[WORK INSTRUCTION]: Verbatim output of the lines below is required, with the images omitted.

[PROVIDED DATA]:
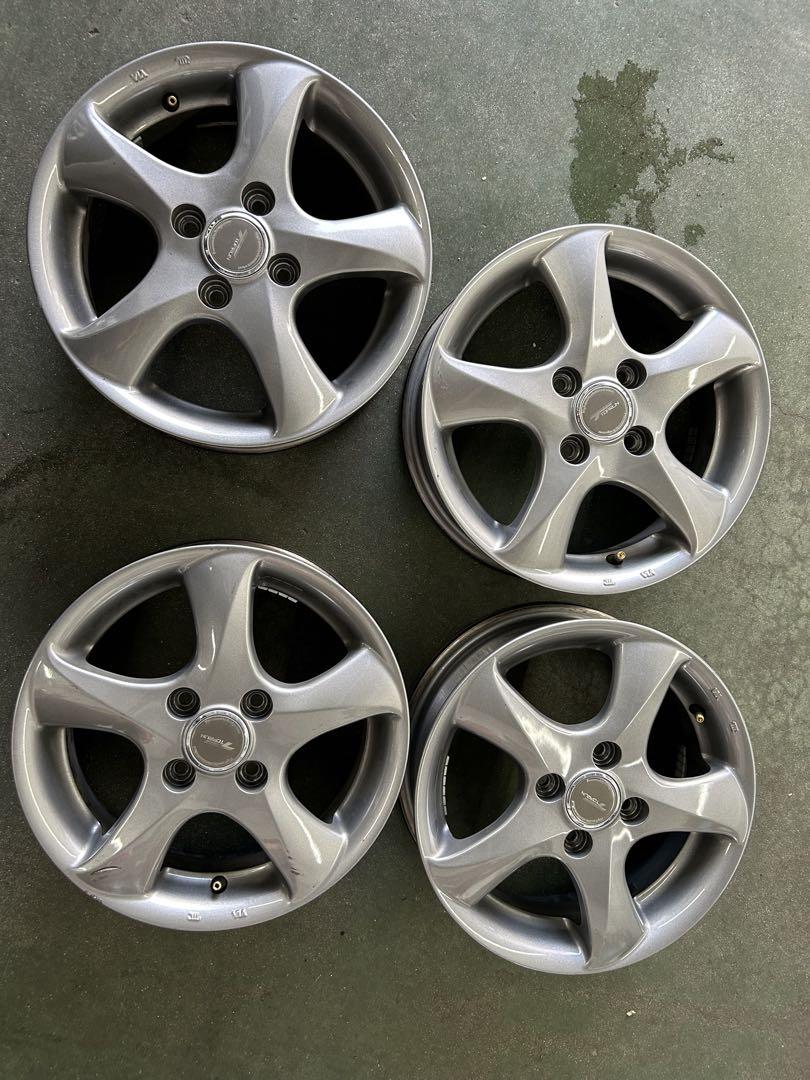 14インチ　アルミホイール　車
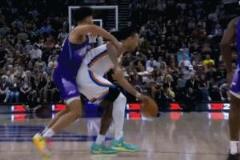 鄭中基三場(chǎng)首發(fā)三雙引熱議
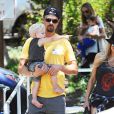  La chanteuse Fergie en famille avec son mari Josh Duhamel et leur fils Axl &agrave; Brentwood le 19 juin 2015 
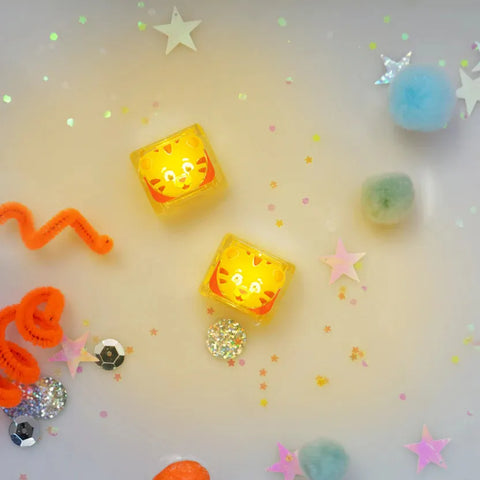 Daniel Tiger Light-Up Cubes - Glo Pals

[ANSWER SECTION]:
 14インチ　アルミホイール　車
 鄭中基三場(chǎng)首發(fā)三雙引熱議
  La chanteuse Fergie en famille avec son mari Josh Duhamel et leur fils Axl &agrave; Brentwood le 19 juin 2015 
 Daniel Tiger Light-Up Cubes - Glo Pals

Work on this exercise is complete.